Entretien avec Yves Bougeard

Entretien réalisé par Philippe Beaume,  février 2004. 

 

Comment vous situez-vous par rapport à la peinture ?

Parler de soi à propos de l'art, de la création, du moins de la peinture est un sujet fort complexe. Dès lors qu'un jour on décide que ce sera l'essentiel de ses préoccupations, alors on essaie de comprendre. Comprendre ce que l'on peint, comprendre comment peindre, pourquoi peindre.

Si je n'ai pas varié d'attitude face à ce qui m'anime, c'est à dire le réel, évidemment les influences diverses, l'époque, ont contribué à proposer des solutions. Et ceux qui nous ont précédé ont été des aides précieuses.

Le véritable problème posé se trouve dans une phrase issue du "Journal du regard" de Bernard Noël : "Qu'est-ce que je ne vois pas dans ce que je vois. Cette question devrait accompagner chacun de nos regards".

Le réel n'est pas donné. Ce que l'on ne voit pas sont tous ces rapports nouveaux qu'établissent les choses entre elles si l'on s'interroge sur leurs cohabitions, hors de l'utilitaire ou de la simple reconnaissance, sans évacuer la sensation reçue. Le regard attentif, obstinément attentif, pinceau en main, révèle des combinaisons imprévisibles, inattendues, qui ne peuvent être visible que par la peinture.

La peinture elle-même dans sa réalisation nous fait porter un nouveau regard. Ainsi, la perception du peintre semble défaire le réel tel que dans la représentation conventionnelle ; la rupture est faite ; nous pouvons comprendre alors l'écart qui s'instaure entre le perçu et ce qui s'inscrit sur le support. Les formes lient les choses, et c'est de cette formulation qu'il s'agit. D'ailleurs, rien n'est plus étranger au réel et à sa perception qu'un trait de crayon ou un coup de pinceau. L'imaginaire, l'invention ont alors toute latitude. La clarté si recherchée peut être constituée, c'est une autre image qui apparaît.

Ce qui était invisible apparaît sous forme de figures nouvelles, irréels à première vue, si bien que l'on peut se demander si la peinture sur nature est bien de cet ordre. 

Les figures nouvelles, éphémères, qui surgissent semblent se jouer de nous, et nous échapper. Il faut donc inventer une formulation peinte et graphique apte à les présenter pour se rapprocher le plus possible des sensations fugaces, comme s'il s'agissait d'une véritable capture.

Comment est née votre passion pour la peinture ?

La passion du dessin m'est venue au collège. Plutôt que de lire, je prenais le crayon et dessinais mes camarades, ou les enseignants. Tout naturellement je suis entré aux Beaux Arts où l'accent était mis principalement sur le dessin académique ; Dix heures de dessin par jour me réjouissaient.
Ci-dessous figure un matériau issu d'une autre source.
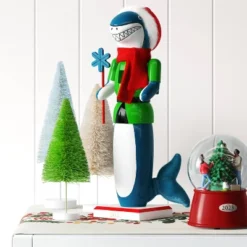 Shark Nutcracker Figure - Wondershopâ˘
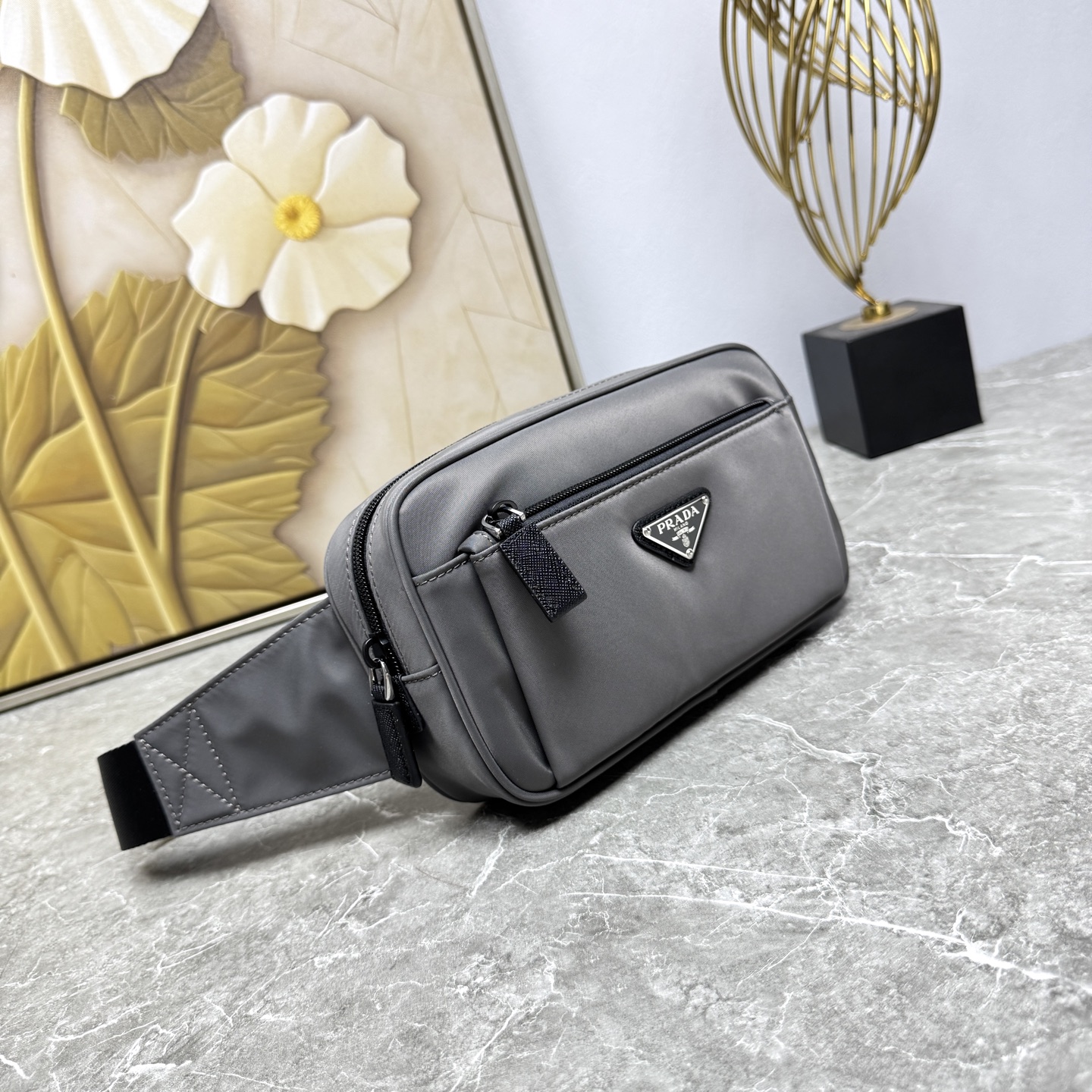 PRADA 프라다 벨트백 힙색 가방 2VL977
Si l'idée de la peinture était forte, je me rappelais les phrases de Kandinsky sur l'incontournable obligation d'une maîtrise du dessin pour un peintre, fut-il abstrait.

C'est donc sorti des Beaux Arts que je me suis mis à peindre, après un court passage dans deux ateliers de peinture, sans que j'en puisse parler réellement, malgré l'intérêt que je pouvais porter à un enseignant qui avait comme maître Bonnard.

L'époque était abstraite. Il me paraissait, non-pas nécessaire de commencer par ce genre, mais plutôt, peut-être, d'y arriver. Mes sujets étant la nature, mes admirations tournées vers Villon, de Staël surtout, Cézanne plus tard, je m'efforçais de comprendre comment les choses se rencontraient, s'attiraient, se reliaient, se superposaient ; la découverte de combinatoires nouvelles se faisait de plus en plus pressante, la réalité ressemblait à un conglomérat à constituer.

Il fallait quitter l'idée de représentation mimétique et trouver pinceau en main les moyens non de dire les choses, mais leurs rapports, guidé également par la sensation. Les regards portés sur Villon, puis sur de Staël m'aidaient à simplifier la peinture par une géométrie rigoureuse et m'entraînaient vers une recherche de signes qui auraient pu prendre place à une représentation conventionnelle, acquise aux Beaux-Arts.

Le travail permettait journellement de me concentrer sur le motif : Rideaux d'arbres, Pommiers, coteaux en Dordogne, Paysages en Bretagne ou portraits, étaient mes sujets favoris.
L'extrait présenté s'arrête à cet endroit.